The atmosphere was tense amid accusations of harsh repression by security forces on Wednesday, when at least 77 people were injured by rubber bullets in the far north of the country, according to the opposition.
Four people who were critically wounded were sent for treatment in Sokode, the country's second biggest city, it added.
At the start of Thursday's march in the capital Lome, opposition leaders condemned the crackdown and accused troops and militia of infiltrating rallies in the northern cities of Bafilo, Kara, Mango, Sokode and Dapaong.
"We are capable of anything for a new Togo!" said protester Matawo Kossi, a hairdresser in the Agoe district of Lome on Thursday.
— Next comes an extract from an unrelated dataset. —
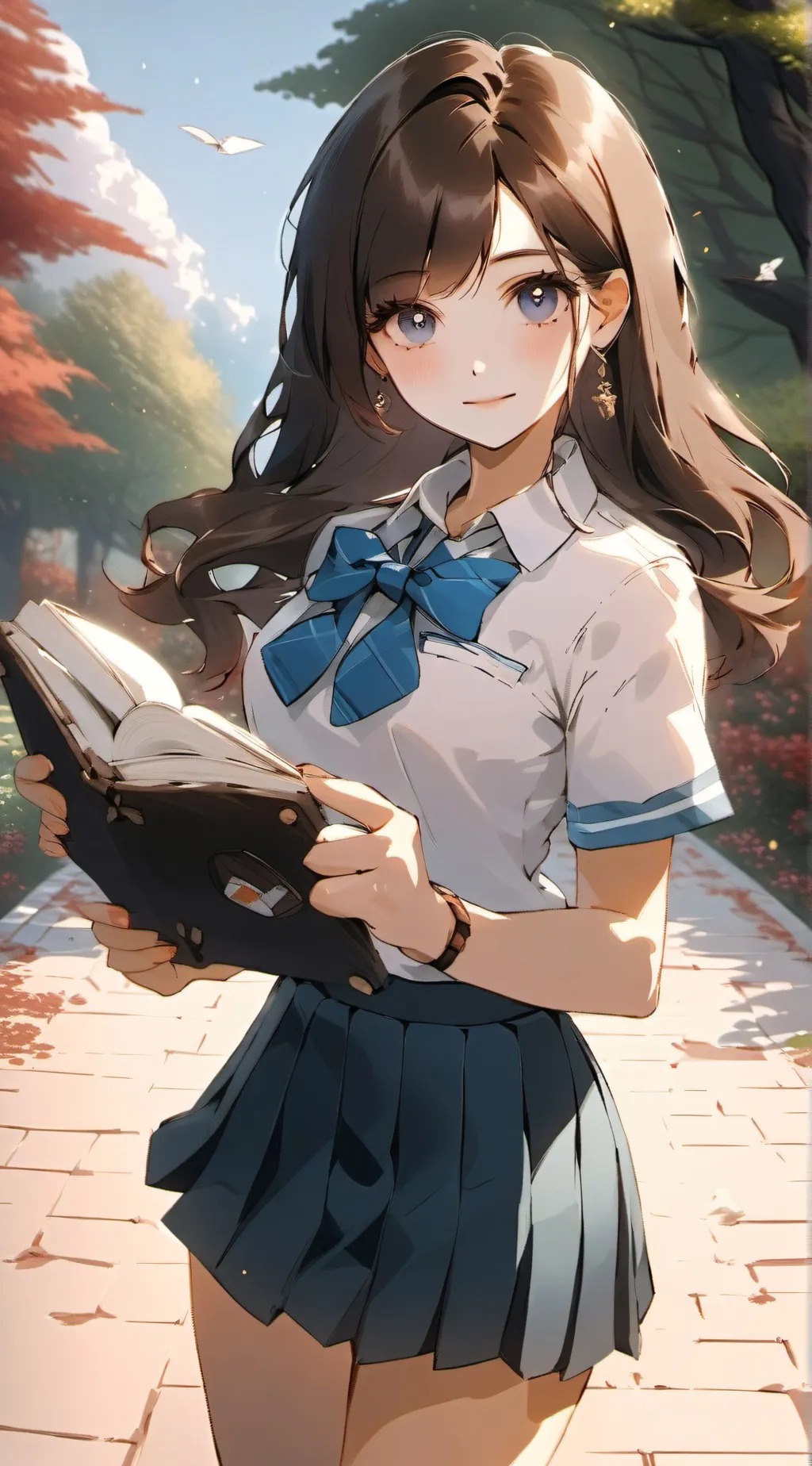 ai character: Janelle background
But a source close to the presidency blamed the violence Wednesday on the Panafrican National Party (PNP) of opposition leader Tikpi Atchadam, accusing its supporters of attacking officials of the ruling Union for the Republic (UNIR) and torching houses.
In Mango a nine-year-old child was killed and 25 people injured, including 10 by gunshot wounds from hunting rifles and other weapons the security forces did not use, the source said.
Francois Patuel of Amnesty International said that "despite official declarations in favour of appeasement, the repression of demonstrations by the armed forces continues."
Amnesty called for "an independent and impartial inquiry" into the child's death in Mango and use of force by security forces.
- Historic demonstrations -
The opposition has boycotted a vote in parliament on constitutional reform that would have included a presidential term limit, arguing it was a ploy to let Gnassingbe stay in power until 2030.
They want the limit to apply retroactively so that Gnassingbe, who has been in power since 2005, could not run again in 2020.
He succeeded his father Gnassingbe Eyadema who ruled from 1967 until his death in 2005.
To press their demands, the opposition staged rallies on September 6 and 7 that drew more than 100,000 people -- an unprecedented turnout in a country widely criticised for stifling democracy.
The 14-party coalition had called for the follow-up rallies on Wednesday and Thursday.
Police said 10,000 to 15,000 people marched nationwide on Wednesday, but Eric Dupuy, spokesman for the main opposition National Alliance for Change (ANC) party, said "tens of thousands of protesters" marched in the capital alone.